The Question That Ends Interviews

“What does 755 mean?”

I’ve seen candidates with impressive CVs stumble on this. They know Linux, they’ve used chmod, but they can’t explain what the numbers actually mean. Interview over.

File permissions are the foundation of Linux security. Every file, every directory, every script you run is governed by permissions. Get this wrong, and you create security vulnerabilities. Get this right, and you demonstrate the security thinking that senior roles require.

This isn’t going to be a dry manual page recitation. This is how permissions actually work, why they matter, and how to answer every interview question about them.

Reading Permission Strings

When you run ls -la, you see something like this:

-rwxr-xr-x 1 www-data www-data 4096 Dec 20 10:30 script.sh
drwxr-xr-x 2 root     root     4096 Dec 20 10:30 configs/

Let’s break down -rwxr-xr-x:

Position Characters Meaning
1 - File type (-=file, d=directory, l=link)
2-4 rwx Owner permissions
5-7 r-x Group permissions
8-10 r-x Others (everyone else) permissions

Each permission means:

Letter For Files For Directories
r Read the file contents List directory contents
w Modify the file Create/delete files in directory
x Execute as program Enter the directory (cd into it)
- Permission not granted Permission not granted

Key insight: Directory permissions work differently than file permissions. You need x on a directory just to cd into it, even if you have r.
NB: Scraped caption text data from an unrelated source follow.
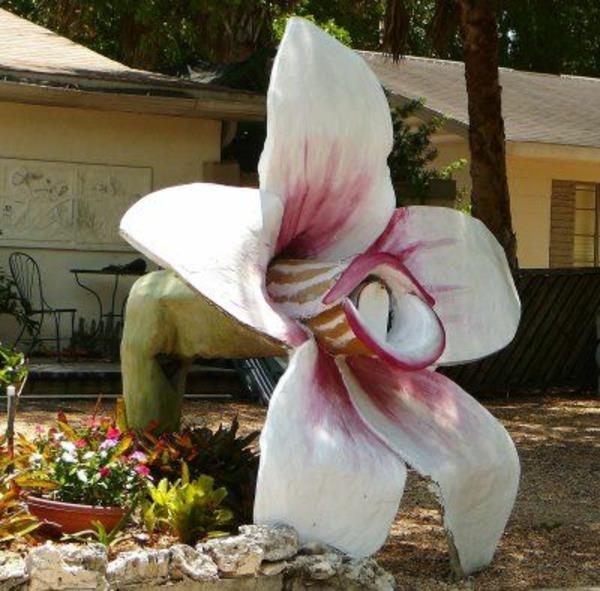 pretty-flower-big-figure-for-the-garden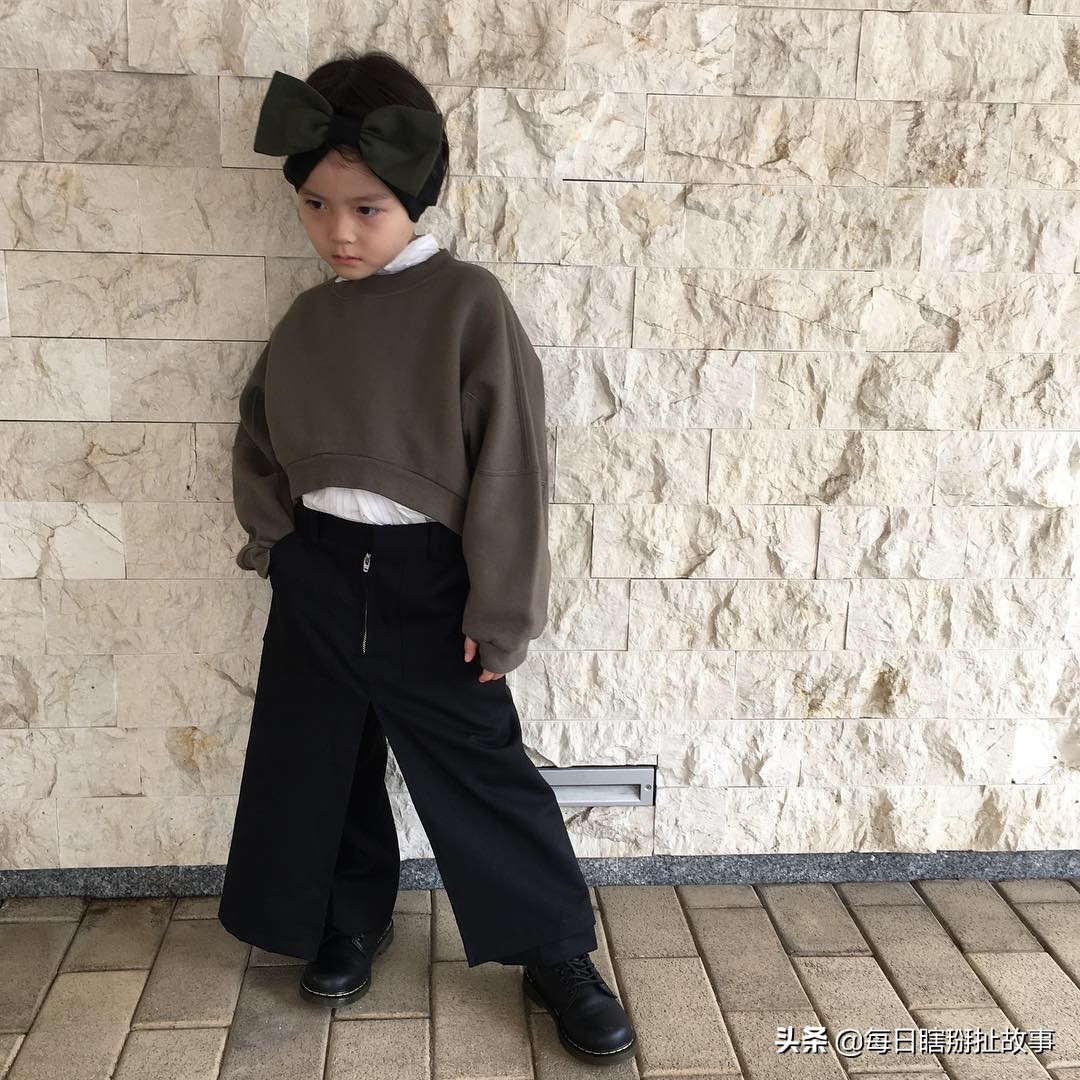 日系的童话少女，童装的盐系，大地色系的时尚打开方式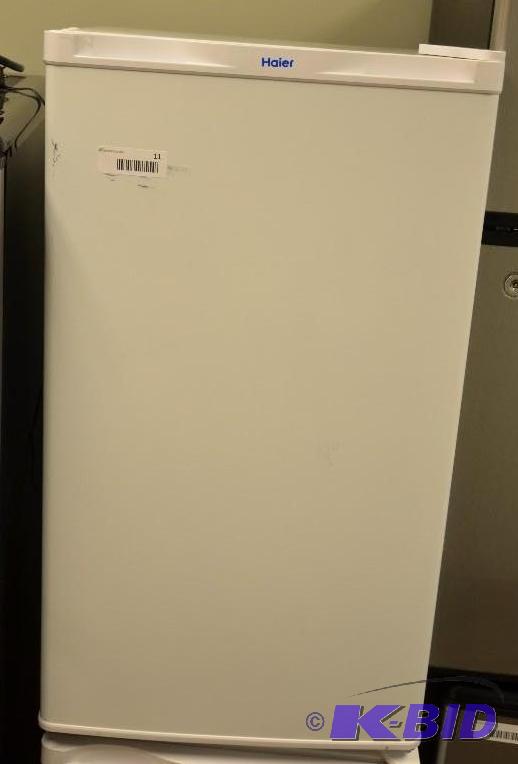 lot 12 image: Haier Household Refrigerator Model HNSE032. 1...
Octal Notation: The Interview Favourite

Here’s the part everyone struggles with. Each permission has a numeric value:

Permission Value
Read (r) 4
Write (w) 2
Execute (x) 1
None (-) 0

Add them up for each category:

Permission Calculation Result
rwx 4+2+1 7
rw- 4+2+0 6
r-x 4+0+1 5
r-- 4+0+0 4
--- 0+0+0 0

So 755 means:

  • Owner: 7 (rwx) – full access
  • Group: 5 (r-x) – read and execute
  • Others: 5 (r-x) – read and execute

Memory trick: 4-2-1 is like binary. r=100, w=010, x=001. Add them together.

Common Permission Patterns

Memorise these—they come up constantly:

Octal String Use Case
755 rwxr-xr-x Scripts, executables, directories (standard)
644 rw-r--r-- Regular files, configs (owner can edit, others can read)
600 rw------- Private files (SSH keys, secrets)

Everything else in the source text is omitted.